Discussion:
[omniORB] Memory corruption when using omniORB 4.1.4 with SLES 11 64-bit
Jingdong Sun
2013-03-27 18:36:06 UTC
Permalink
Hi, There,

I am using omniORB 4.1.4 with my project.
Recently, when I testing with SLES, I noticed that, the server side hit
memory corruption some time (not always).

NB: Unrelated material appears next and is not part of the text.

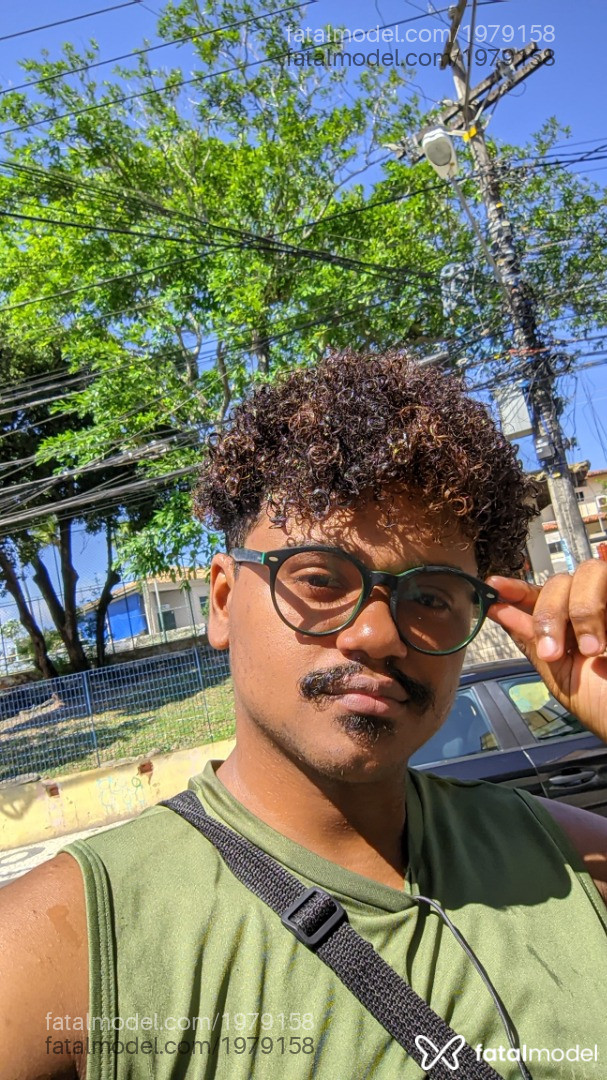 Acompanhante homem morena (o) de olhos pretos em Salvador - Paudemarido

With ORBtraceLevel set to 45, I got following trace information:
omniORB: (7) inputMessage: from giop:tcp:[::ffff:10.6.25.60]:56354 2048
bytes
omniORB: (7)
4749 4f50 0102 0300 6467 0000 0a00 0000 GIOP....dg......
0300 0000 0000 0000 0e00 0000 fed6 ef51 ...............Q
5100 0034 2e00 0000 0000 6f72 0800 0000 Q..4......or....
7374 6172 7450 4500 0000 0000 2234 3522 startPE....."45"
2e67 0000 3c3f 786d 6c20 7665 7273 696f .g..<?xml versio
6e3d 2231 2e30 2220 656e 636f 6469 6e67 n="1.0" encoding
3d22 5554 462d 3822 2073 7461 6e64 616c ="UTF-8" standal
6f6e 653d 226e 6f22 203f 3e0a 3c61 7567 one="no" ?>.<aug
(Jingdong: I skipped some lines here......)
2020 3c74 743a 6174 7472 206e 616d 653d <tt:attr name=
omniORB: (7) inputCopyChunk: from giop:tcp:[::ffff:10.6.25.60]:56354 24432
bytes
omniORB: (7)
2263 6861 696e 4964 2220 7479 7065 3d22 "chainId" type="
696e 7433 3222 2f3e 0a20 2020 2020 203c int32"/>. <
(Jingdong: I skipped some lines here too.....)
(Jingdong: following part is corrupted, not the contents as I expected).
3020 3820 3020 3020 3020 3020 3120 3120 0 8 0 0 0 0 1 1
3020 3020 3020 3120 3120 340a 3120 3435 0 0 0 1 1 4.1 45
omniORB: (7) inputMessage: from giop:tcp:[::ffff:10.6.25.60]:56354 18
bytes
omniORB: (7)
4749 4f50 0102 0107 0600 0000 0a00 0000 GIOP............
0a00

What I noticed are:
1. The memory corruption problem not happened all the time, and when
problem happened, generally the 2nd try will pass.
2. All corruptions happened to me so far were related to relative big data
(about 24K), and it happened related to "inputCopyChunk" as trace shown
above.
3. The size server side got is correct, even the content got corrupted.
(The size 24432 bytes is correct in the example I copied here)
omniORB: (7) inputCopyChunk: from giop:tcp:[::ffff:10.6.25.60]:56354 24432
bytes
4. When corruption happened, sometimes the content just got truncated,
sometimes the contents just replaced by some meaningless contents at the
end.

Please help me.
Thanks.
Jingdong Sun
InfoSphere Streams Development
Phone 507 253-5958 (T/L 553-5958)
jindong at us.ibm.com
-------------- next part --------------
An HTML attachment was scrubbed...
URL: <http://www.omniorb-support.com/pipermail/omniorb-list/attachments/20130327/30771b77/attachment.html>
姜维
2013-03-28 01:22:25 UTC
Permalink
It's very likely to be a bug in your code.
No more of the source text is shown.